▸ Records shown
----------

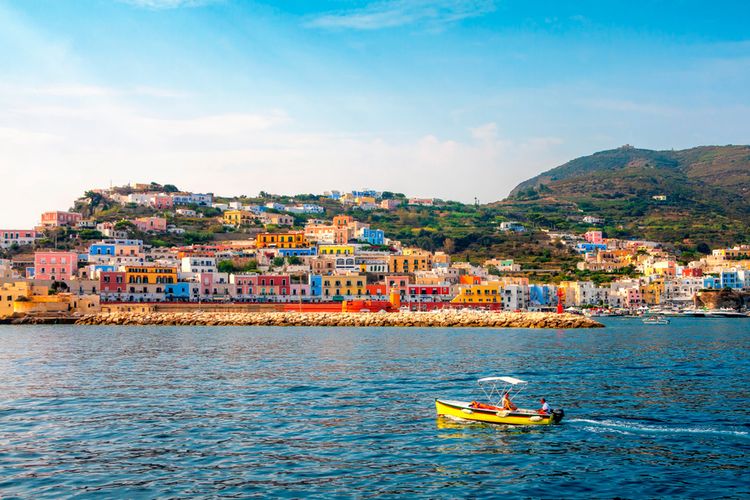 Pemandangan pelabuhan di Ponza, Lazio, Italia.(SHUTTERSTOCK/VLADIMIR SAZONOV)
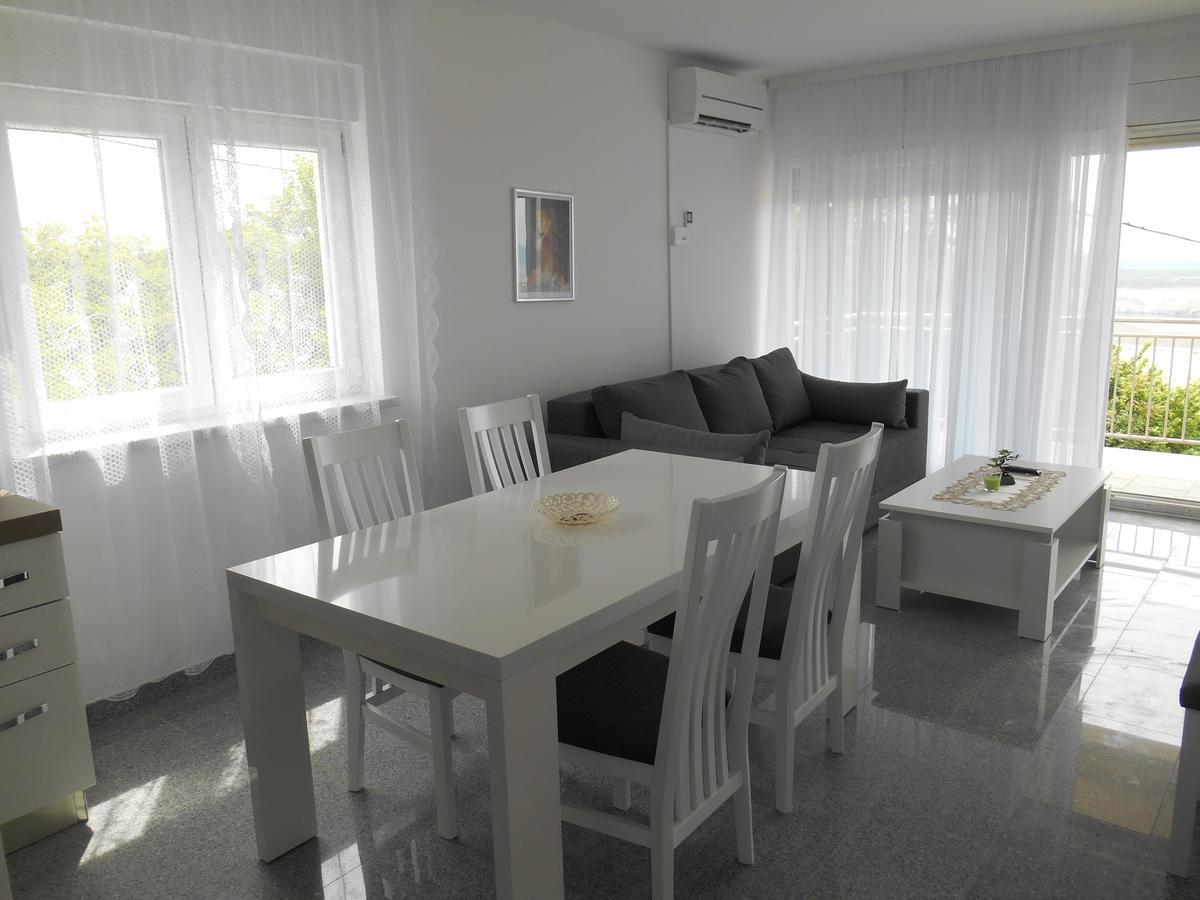 Apartments Diana Smrika Bagian luar foto
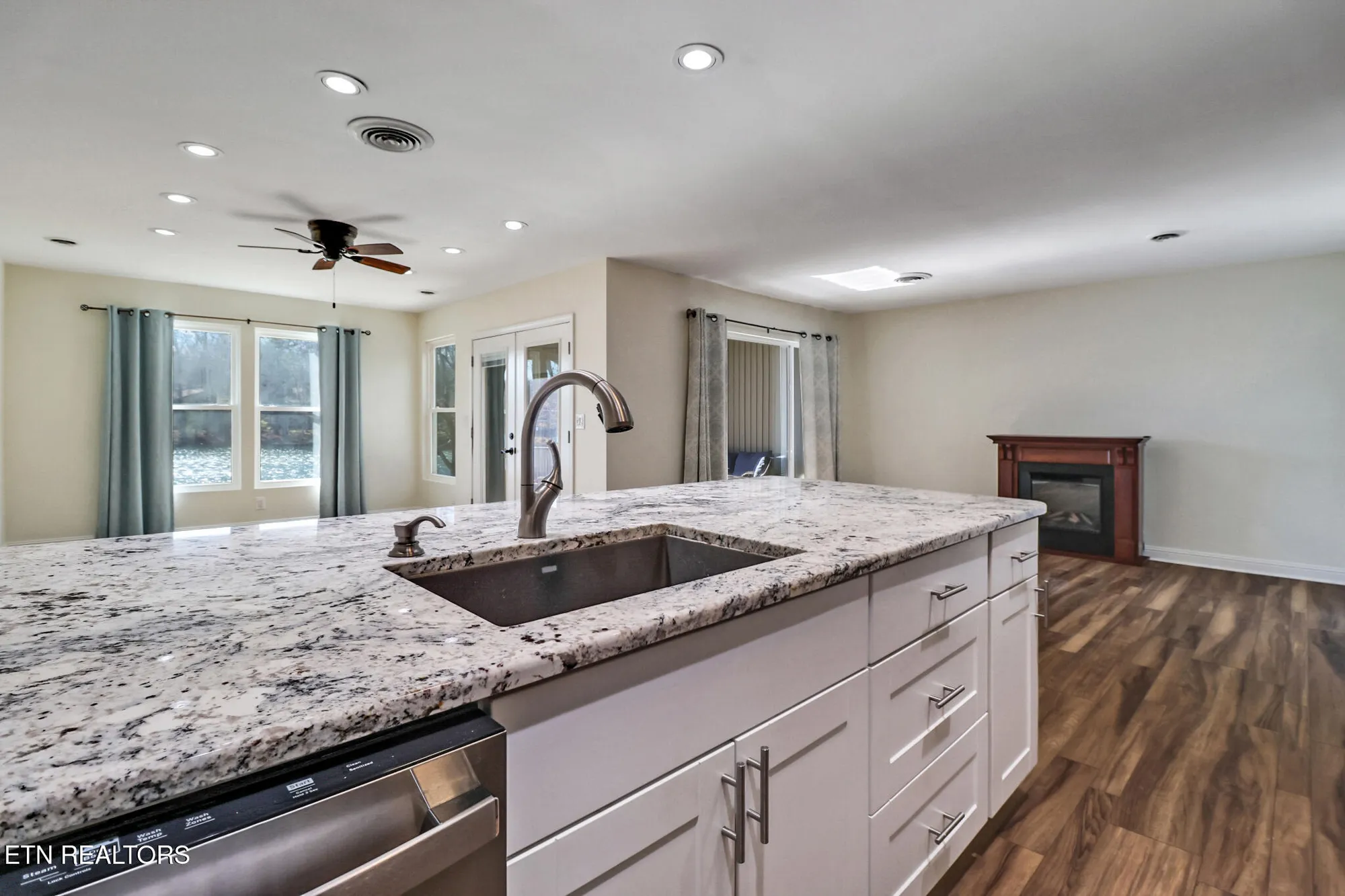 Property Slideshow image 15 of 44 | 96 lakeshore ln 28, Crossville, TN, 38558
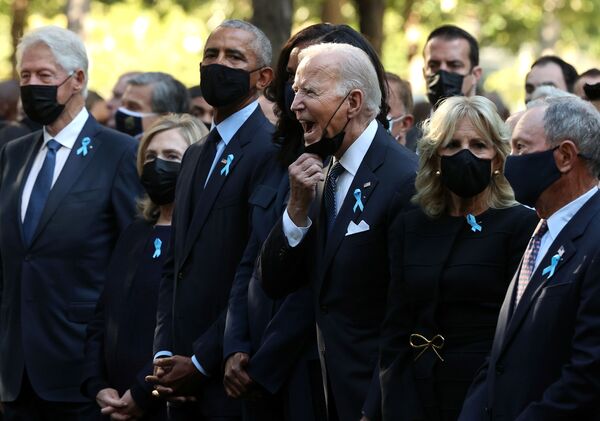 El presidente estadounidense, Joe Biden, rodeado de exlíderes estadounidenses, en la ceremonia en memoria de las víctimas de los ataques terroristas del 11 de septiembre de 2001 en Nueva York (EEUU). - Sputnik Mundo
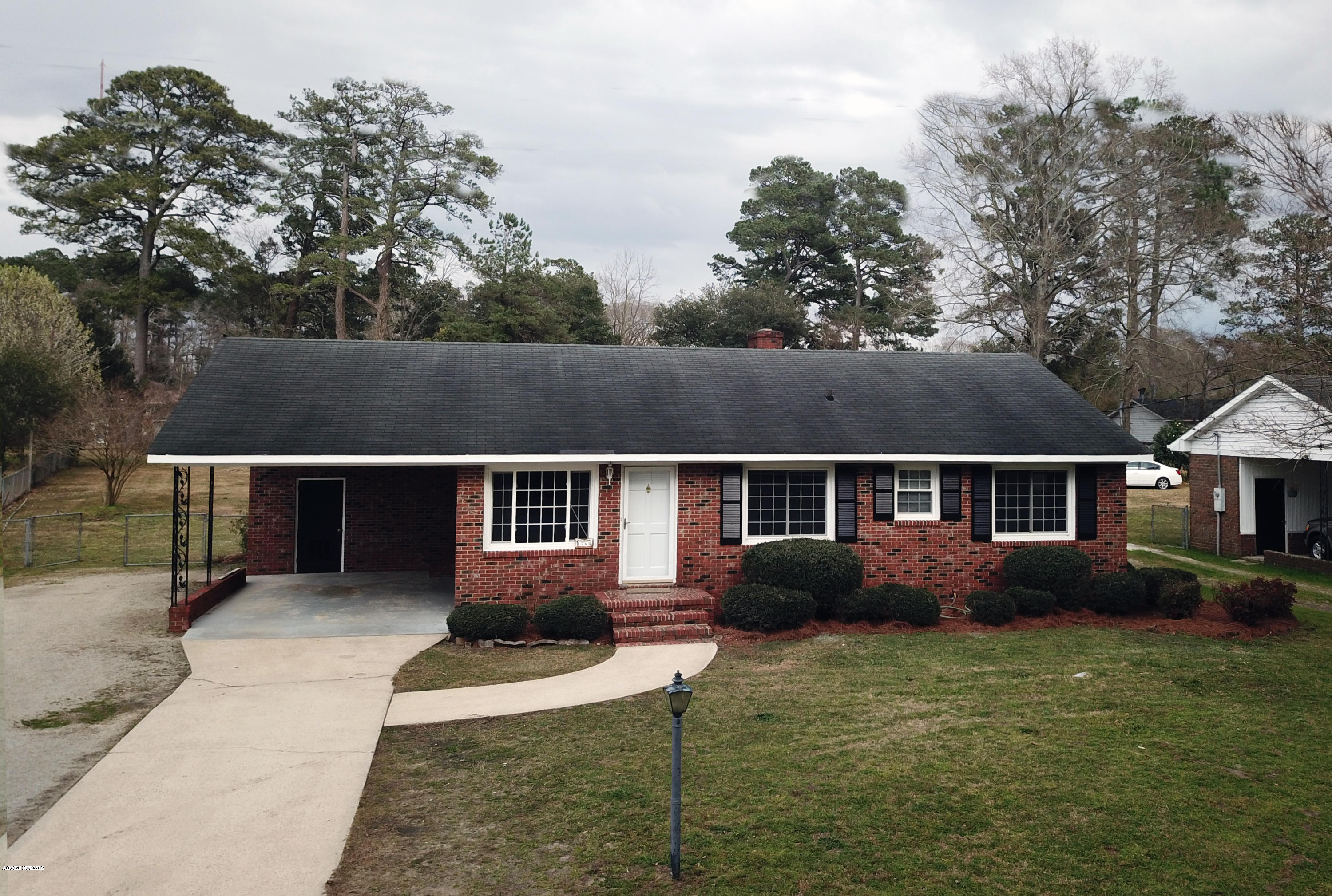 1783 Maple Leaf Road Kinston, NC 28504 - Photo 1 of 31 Front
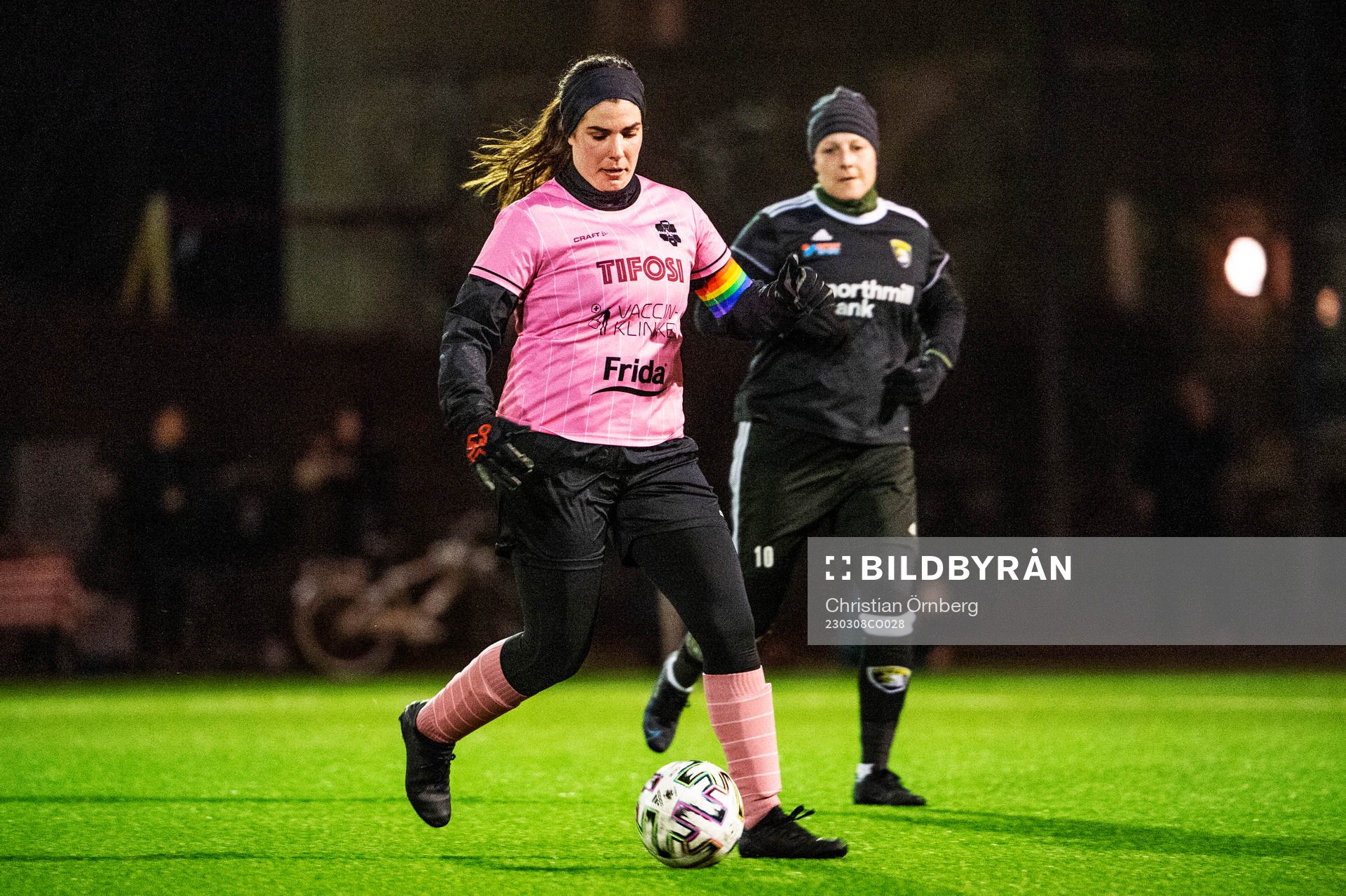 Las Presidentas och Backarna FFs spelare under en vänskapsmatch mellan Backarna och Las Presidentas den 8 mars 2023 i Malmö.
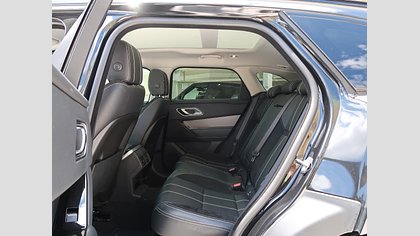 Range Rover Velar 40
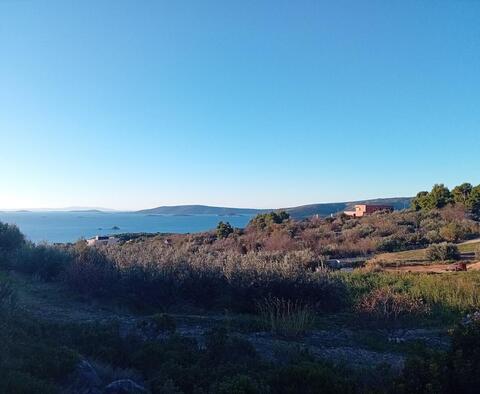 Städtisches Grundstück in der Gegend von Trogir, mit Meerblick, zu verkaufen - foto 7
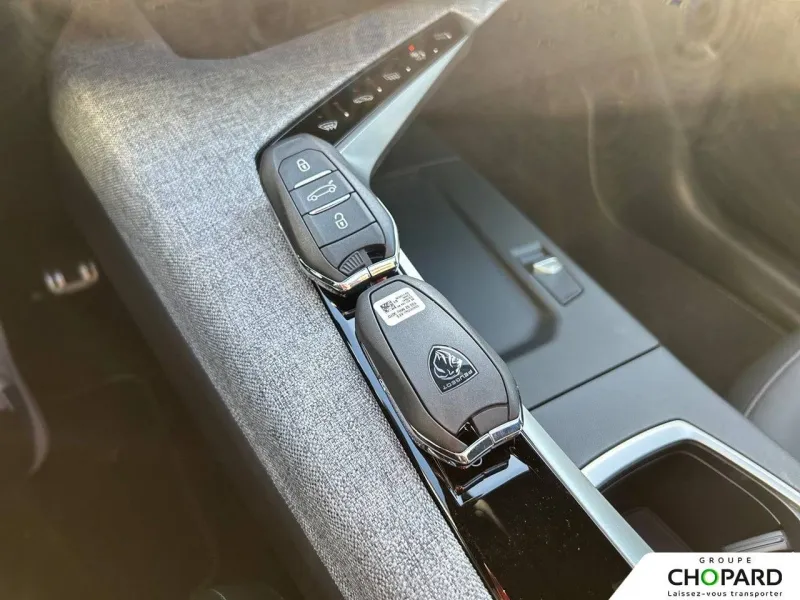 Image secondaire du véhicule 8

----------

▸ Exercise prompt
Restate the whole listing above exactly, except for its images.

▸ Response for this exercise
 Pemandangan pelabuhan di Ponza, Lazio, Italia.(SHUTTERSTOCK/VLADIMIR SAZONOV)
 Apartments Diana Smrika Bagian luar foto
 Property Slideshow image 15 of 44 | 96 lakeshore ln 28, Crossville, TN, 38558
 El presidente estadounidense, Joe Biden, rodeado de exlíderes estadounidenses, en la ceremonia en memoria de las víctimas de los ataques terroristas del 11 de septiembre de 2001 en Nueva York (EEUU). - Sputnik Mundo
 1783 Maple Leaf Road Kinston, NC 28504 - Photo 1 of 31 Front
 Las Presidentas och Backarna FFs spelare under en vänskapsmatch mellan Backarna och Las Presidentas den 8 mars 2023 i Malmö.
 Range Rover Velar 40
 Städtisches Grundstück in der Gegend von Trogir, mit Meerblick, zu verkaufen - foto 7
 Image secondaire du véhicule 8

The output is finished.